ZFS’ ability to create and clone snapshots allows to mimic workflows similar to what is possible with git. Just like git “commits”, the idea is to only create snapshots if a dataset/volume actually contains changes. In the ZFS world, this is a rather unusual design choice as it is common practise to generate snapshot in fixed time intervals regardless of changes in the dataset/volume. abgleich implements special logic to safely and quickly determine if a dataset/volume contains “uncommitted” changes.
With regards to similarities to git, abgleich aims to provide the ability to synchronize “projects” (datasets/volumes) across multiple computers in addition to providing backup functionality. Projects can be “moved” or “cloned” from one machine to the next, allowing a user to always work on them efficiently and locally. Besides, synchronization operations can happen both in a pull and a push configuration.

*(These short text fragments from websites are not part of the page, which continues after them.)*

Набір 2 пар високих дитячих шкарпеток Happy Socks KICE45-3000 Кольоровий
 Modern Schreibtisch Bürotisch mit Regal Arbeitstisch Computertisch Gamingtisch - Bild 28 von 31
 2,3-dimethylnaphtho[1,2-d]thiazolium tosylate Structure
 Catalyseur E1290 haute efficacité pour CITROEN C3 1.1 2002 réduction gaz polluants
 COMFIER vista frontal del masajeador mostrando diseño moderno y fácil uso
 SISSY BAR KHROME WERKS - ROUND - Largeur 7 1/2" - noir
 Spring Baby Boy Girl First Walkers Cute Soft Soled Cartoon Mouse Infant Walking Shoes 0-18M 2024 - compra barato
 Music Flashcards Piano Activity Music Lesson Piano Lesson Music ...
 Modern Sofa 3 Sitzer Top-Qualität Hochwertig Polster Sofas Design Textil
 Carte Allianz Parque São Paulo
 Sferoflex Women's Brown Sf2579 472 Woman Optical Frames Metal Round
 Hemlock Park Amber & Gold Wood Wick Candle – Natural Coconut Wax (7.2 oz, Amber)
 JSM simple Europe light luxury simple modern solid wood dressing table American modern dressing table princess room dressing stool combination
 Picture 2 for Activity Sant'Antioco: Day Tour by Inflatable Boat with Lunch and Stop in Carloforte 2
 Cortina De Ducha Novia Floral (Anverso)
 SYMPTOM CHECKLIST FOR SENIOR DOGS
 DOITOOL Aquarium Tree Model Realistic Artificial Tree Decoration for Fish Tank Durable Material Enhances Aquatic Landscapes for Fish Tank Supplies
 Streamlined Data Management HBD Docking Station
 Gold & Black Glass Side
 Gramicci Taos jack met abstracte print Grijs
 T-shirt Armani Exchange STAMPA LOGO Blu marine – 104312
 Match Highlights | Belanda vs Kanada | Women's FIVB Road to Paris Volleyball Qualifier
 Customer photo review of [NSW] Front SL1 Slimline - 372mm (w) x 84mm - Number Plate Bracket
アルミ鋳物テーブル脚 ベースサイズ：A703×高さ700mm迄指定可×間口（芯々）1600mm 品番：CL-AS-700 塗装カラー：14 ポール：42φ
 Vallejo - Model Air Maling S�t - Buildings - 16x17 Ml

Video: Discussion and demo of abgleich (in German)¶
A discussion and “live” demo of abgleich (in German) can be found here.
Alternative ZFS-based Tools¶
The one and only, the classic, the “bash-nightmare”: zfs-auto-snapshot.
Noteworthy alternative sync and backup tools¶
It has been attempted to build similar tools on top of BTRFS, which did not take off as much as initially expected despite being seen as a better or purer version of ZFS, i.e. less licensing issues. Noteworthy examples include btrfs-sxbackup and btrbk.
Besides, there is a rather mature family of similar tools based on rsync, which primarily suffer from the significant performance overhead of having to go through all of the filesystem’s layers where ZFS-based tools in comparison can operate on a rather low block-level.
Another noteworthy example offering similar capabilities but operating on top of the filesystem as well is Borg.
Although git itself is not intended to manage large binary files or simply very high numbers of files at once, it can be extended with plugins such as git-lfs to provide capabilities very similar to abgleich. Unfortunately, any git-based approach will suffer from filesystem-overhead just like rsync, next to other issues. Other approaches based on git have been developed by Microsoft for dealing with very large mono-repos. Examples include VFS for Git (first generation, abandoned), Scalar (second generation, abandoned) and microsoft/git (third and current generation).